Anything similar to Arabic "O' Peace"?
The best way to go about an explanation is an example.
Imagine if the times would go back, when we were living in Baghdad, when all was quiet and mellow.
"Ooo Peace! O God O God. If only we can relive a day."
In Arabic, O peace translates to (يا سلام) (ya salam). However, here there's an elongation in the way it's pronounced (yaa salaaaam). This adds emotion with a couple of nods and a circular gesture of the hand.
Here it means, O beautiful/great if that be/if that happen.

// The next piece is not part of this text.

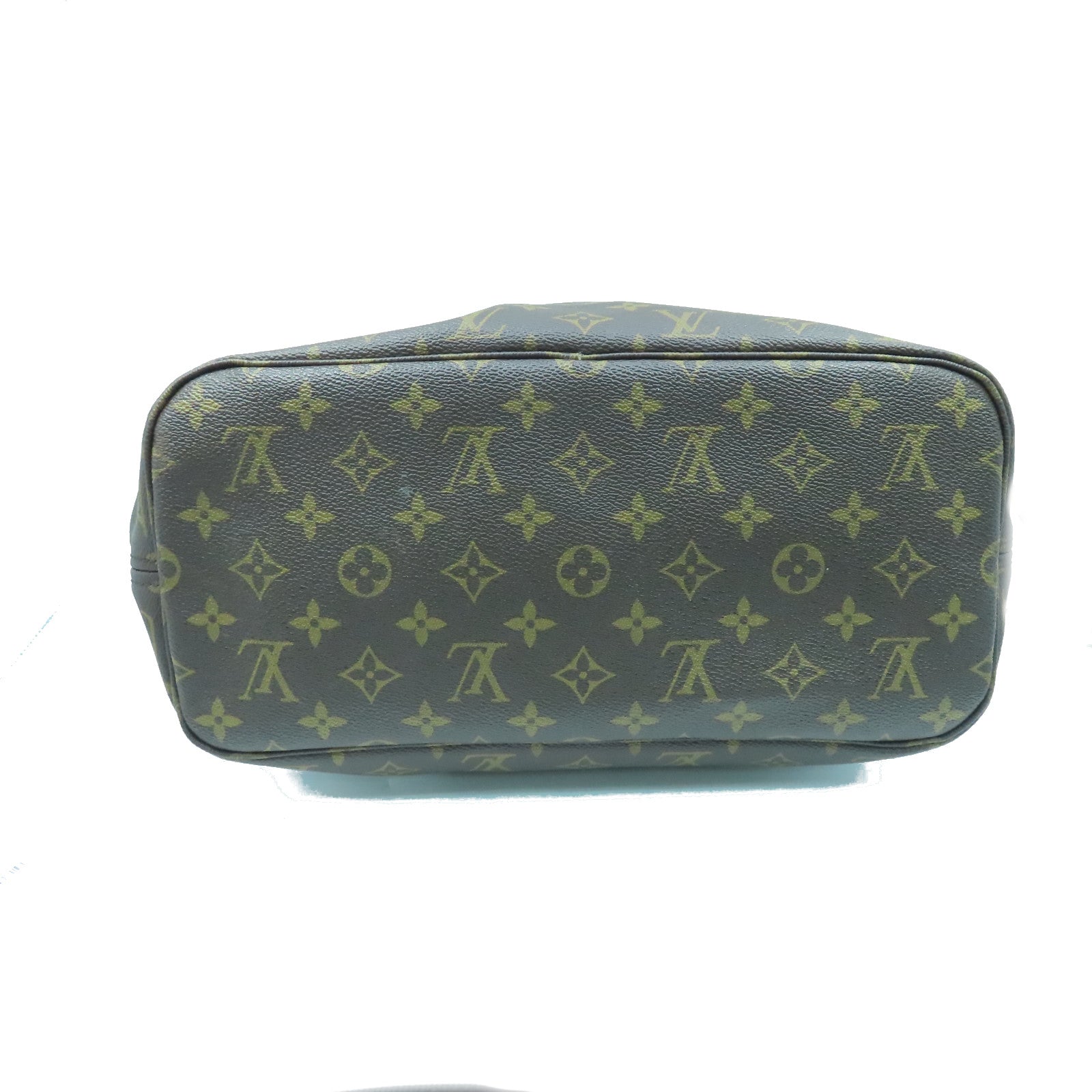 LOUIS VUITTON Monogram Neverfull MM gold buckle handle bag brown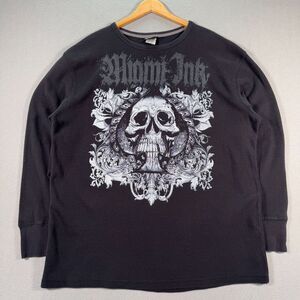 Vintage Miami Ink Thermal Long Sleeve T-Shirt Mens 2XL Black‎ Skull Biker Y2K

It's like when peace has just come and one looks into the horizon and warm-heartedly says, "O peace, lovely peace."
It's also for example:
Ya salaaaaaaam (O peace). What a lovely soup.
It's sort of an intensifier with the elongation.
It's used in many cases: yearning, something pleasant you hear (poem etc), you watch, you eat. Anything that arouses affection and emotions. Just imagine that moment when peace is finally there.
It can also be used satirically:
Ya salaaaaam. Yeah That's great, wonderful, amazing.
I hope it's understood.
Solution 1:
The closest thing I can think of would be Ah, Heaven! It's an expression of bliss.
Ah, Heaven: A Big Game, A Jug of Beer and Thou - NYT
Ah, heaven: unabashed love at first sight, with a high I.Q. - NYT
Ah Heaven! said the little woman, laying the tips of the fingers of her two little hands against each other, that would be generous indeed, that would be a special gallantry. - Charles Dickens, Little Dorrit
It can also be said sarcastically.
You're spending New Year's Eve with your in-laws? Ahhhh...heaven!
It can be, less often, I think though, a cry for help.
"Ah, heaven!" he cried; "I will speak, I will tell all. Ah! cursed duch—" The voice had been heard above everything, but suddenly it ceased. - Alexandre Dumas, The forty-five guardsmen
Solution 2:
Your question puts us squarely into the realm of nonverbal communication, even though the raw materials of verbal communication are involved!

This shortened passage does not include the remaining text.